Sitting Bull: I would say they should listen to Wakan Tanka.
Col. Nelson Miles: No matter what your legends say, you didn't sprout from the plains like the spring grasses. And you didn't coalesce out of the ether. You came out of the Minnesota woodlands armed to the teeth and set upon your fellow man. You massacred the Kiowa, the Omaha, the Ponca, the Oto and the Pawnee without mercy. And yet you claim the Black Hills as a private preserve bequeathed to you by the Great Spirit.
Sitting Bull: And who gave us the guns and powder to kill our enemies? And who traded weapons to the Chippewa and others who drove us from our home?
Col.

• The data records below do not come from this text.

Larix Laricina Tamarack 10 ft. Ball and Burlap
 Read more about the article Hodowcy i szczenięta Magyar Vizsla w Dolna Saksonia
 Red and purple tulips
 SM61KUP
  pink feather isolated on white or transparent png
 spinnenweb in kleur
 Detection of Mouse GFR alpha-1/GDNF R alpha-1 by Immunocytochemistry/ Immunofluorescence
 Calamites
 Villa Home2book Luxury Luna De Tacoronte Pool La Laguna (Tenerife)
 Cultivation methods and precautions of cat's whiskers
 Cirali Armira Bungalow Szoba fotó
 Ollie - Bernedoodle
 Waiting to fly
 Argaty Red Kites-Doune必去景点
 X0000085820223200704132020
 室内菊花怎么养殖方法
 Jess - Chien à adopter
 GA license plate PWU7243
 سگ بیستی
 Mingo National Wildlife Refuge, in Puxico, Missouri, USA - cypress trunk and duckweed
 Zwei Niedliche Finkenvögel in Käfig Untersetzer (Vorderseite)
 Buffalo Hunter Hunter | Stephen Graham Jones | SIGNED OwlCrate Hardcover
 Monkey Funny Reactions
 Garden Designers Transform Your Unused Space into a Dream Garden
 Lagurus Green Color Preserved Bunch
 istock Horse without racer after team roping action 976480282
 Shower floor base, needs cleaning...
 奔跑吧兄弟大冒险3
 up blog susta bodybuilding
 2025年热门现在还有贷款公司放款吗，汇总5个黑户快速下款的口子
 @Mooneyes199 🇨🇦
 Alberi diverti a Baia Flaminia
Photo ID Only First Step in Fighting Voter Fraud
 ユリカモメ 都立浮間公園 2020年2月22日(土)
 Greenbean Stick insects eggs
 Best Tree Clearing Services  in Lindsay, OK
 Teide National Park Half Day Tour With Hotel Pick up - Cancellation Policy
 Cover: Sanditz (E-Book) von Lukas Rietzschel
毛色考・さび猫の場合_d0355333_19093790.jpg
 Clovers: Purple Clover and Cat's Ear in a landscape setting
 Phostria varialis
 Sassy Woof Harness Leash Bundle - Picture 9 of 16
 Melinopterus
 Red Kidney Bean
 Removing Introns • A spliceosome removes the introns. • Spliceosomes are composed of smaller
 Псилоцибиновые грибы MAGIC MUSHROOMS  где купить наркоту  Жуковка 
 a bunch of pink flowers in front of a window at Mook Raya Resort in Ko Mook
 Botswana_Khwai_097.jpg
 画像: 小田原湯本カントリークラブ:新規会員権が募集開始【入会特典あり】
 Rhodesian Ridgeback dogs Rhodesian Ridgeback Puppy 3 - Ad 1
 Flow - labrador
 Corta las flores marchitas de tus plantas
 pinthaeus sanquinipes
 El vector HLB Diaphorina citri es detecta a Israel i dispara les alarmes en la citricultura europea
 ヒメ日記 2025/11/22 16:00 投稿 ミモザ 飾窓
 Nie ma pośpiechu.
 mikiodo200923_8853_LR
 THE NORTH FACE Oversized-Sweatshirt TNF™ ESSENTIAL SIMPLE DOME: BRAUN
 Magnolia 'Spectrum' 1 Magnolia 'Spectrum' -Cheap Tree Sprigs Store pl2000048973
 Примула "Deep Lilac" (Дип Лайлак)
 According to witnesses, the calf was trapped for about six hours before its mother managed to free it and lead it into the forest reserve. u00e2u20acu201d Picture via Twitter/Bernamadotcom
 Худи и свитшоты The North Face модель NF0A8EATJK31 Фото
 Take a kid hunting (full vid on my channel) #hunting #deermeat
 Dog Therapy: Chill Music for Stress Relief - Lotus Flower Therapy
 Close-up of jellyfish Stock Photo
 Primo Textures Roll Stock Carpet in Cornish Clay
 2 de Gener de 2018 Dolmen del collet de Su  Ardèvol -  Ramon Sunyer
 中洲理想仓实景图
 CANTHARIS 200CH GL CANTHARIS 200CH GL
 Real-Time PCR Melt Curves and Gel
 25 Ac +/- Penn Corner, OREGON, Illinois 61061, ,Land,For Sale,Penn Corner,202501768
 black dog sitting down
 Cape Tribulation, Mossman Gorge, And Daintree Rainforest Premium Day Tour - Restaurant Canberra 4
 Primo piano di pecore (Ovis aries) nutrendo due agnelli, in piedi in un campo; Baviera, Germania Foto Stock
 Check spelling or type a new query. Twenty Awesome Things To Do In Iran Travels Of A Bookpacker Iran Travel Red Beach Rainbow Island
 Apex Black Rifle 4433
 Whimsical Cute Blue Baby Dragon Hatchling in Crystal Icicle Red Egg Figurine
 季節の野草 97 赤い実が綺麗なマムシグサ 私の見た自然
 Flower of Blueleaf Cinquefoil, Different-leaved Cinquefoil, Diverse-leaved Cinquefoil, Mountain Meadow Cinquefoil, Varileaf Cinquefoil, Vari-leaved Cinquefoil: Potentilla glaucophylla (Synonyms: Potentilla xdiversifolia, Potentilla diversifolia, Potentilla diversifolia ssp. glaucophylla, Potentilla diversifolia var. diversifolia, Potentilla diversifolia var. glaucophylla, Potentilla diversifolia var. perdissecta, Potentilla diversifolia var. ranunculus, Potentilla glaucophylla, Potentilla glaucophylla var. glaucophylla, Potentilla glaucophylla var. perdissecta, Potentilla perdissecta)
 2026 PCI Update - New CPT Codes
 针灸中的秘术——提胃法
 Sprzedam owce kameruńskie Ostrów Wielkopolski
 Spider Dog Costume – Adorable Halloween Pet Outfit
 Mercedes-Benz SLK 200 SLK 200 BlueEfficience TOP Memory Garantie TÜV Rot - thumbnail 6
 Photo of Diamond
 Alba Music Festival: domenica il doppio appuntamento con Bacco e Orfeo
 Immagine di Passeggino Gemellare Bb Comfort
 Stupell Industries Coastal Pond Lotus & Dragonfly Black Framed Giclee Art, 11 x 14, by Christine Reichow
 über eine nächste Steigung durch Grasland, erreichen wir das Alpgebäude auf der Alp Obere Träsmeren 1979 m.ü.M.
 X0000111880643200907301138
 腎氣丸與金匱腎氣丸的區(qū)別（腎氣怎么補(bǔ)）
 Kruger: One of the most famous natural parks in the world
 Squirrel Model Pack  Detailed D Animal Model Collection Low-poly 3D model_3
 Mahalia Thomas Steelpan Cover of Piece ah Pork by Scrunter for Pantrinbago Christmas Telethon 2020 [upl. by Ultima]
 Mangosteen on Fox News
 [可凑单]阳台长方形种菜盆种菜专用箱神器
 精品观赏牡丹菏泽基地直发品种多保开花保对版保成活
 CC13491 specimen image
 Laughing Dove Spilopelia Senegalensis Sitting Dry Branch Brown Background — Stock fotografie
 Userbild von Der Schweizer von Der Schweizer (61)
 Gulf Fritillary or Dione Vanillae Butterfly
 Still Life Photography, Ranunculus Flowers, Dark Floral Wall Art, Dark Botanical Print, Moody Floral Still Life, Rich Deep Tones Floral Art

Nelson Miles: Chief Sitting Bull, the proposition that you were a peaceable people before the appearance of the white man is the most fanciful legend of all. You were killing each other for hundreds of moons before the first white stepped foot on this continent. You conquered those tribes, lusting for their game and their lands, just as we have now conquered you for no less noble a cause.
Sitting Bull: This is your story of my people!
Col. Nelson Miles: This is the truth, not legend. Crazy Horse has surrendered... with his entire band. And by his surrender, he says to you and your people that you are defeated. And by ceding the Black Hills to us, so say Red Cloud and the other chiefs, who demand that you end this war and take your place on the reservation.

   Colonel Miles makes some good points. Perhaps too good. It makes the selfish motives of Washington and the whites look somewhat reasonable. Sitting Bull tells Miles that they will fight. As the Indians come over the hill with their hatchets and the army loads their artillery you can see that nothing good is going to come of this for the Sioux. The calvary ends up burning down the Sioux village.
   The Sioux are a defeated people. They cannot match the technology of the invaders. Sitting Bull takes his people and heads to Canada. Sitting Bull and his people are welcomed by the Canadian Mounties, but told they must be peaceful. When some of the young braves steal horses from the Crows, the Sioux are threatened with being sent back. Sitting Bull whips the offenders. Some of the Sioux decide to head back.
   The movie then switches to back to Charles Eastman, a Sioux who has been educated at Dartmouth and is now headed to Boston University medical school. He speaks to Friends of Indians groups. We see in flashbacks how he had been stripped of his "Indian ways." Eastman agrees with Dawes that it is assimilation or extinction. They come up with a new plan for the assimilated Sioux. The Dawes Act, adopted by Congress in 1887, authorized the President of the United States to survey Indian tribal land and divides the land into allotments for individual Indians. The Dawes Act would further help destroy the tribal structure and the Native culture.
  With the onset of the brutal Canadian winter, the Sioux that remained are not doing well. Sitting Bull heads back for the reservation. When he gets there he finds a life style that is demeaning and degrading. He sees his son "hunting" for their food as he shoots a cow in a corral.
  Charles Eastman eventually comes to realize that he made a mistake in going with the well meaning Dawes. He returns as a doctor to his people, only to see how he has helped destroy his own culture. He writes to Dawes for help, but doesn't get much. Sitting Bull signs autographs, takes pictures for money and travels with Buffalo Bill Cody and then is assassinated.
Wes Studi shows up as was the Northern Paiute religious leader who founded the Ghost Dance movement. He tells the Sioux that the white men will soon disappear, if they do the dance. When the soldiers show up to stop the dancing, Sitting Bull is killed. Shooting later breaks out and there is a massacre at Wounded Knee.
   I was disappointed in the use of Native languages. The Indians mostly spoke English. The only Sioux we really heard was from Charles Eastman in the beginning when he was trying to impress a crowd.
  Overall, the movie was pretty good at showing the rapid decline of the Sioux culture when the US government got involved. By doing what they thought was best for the Sioux the government destroyed them.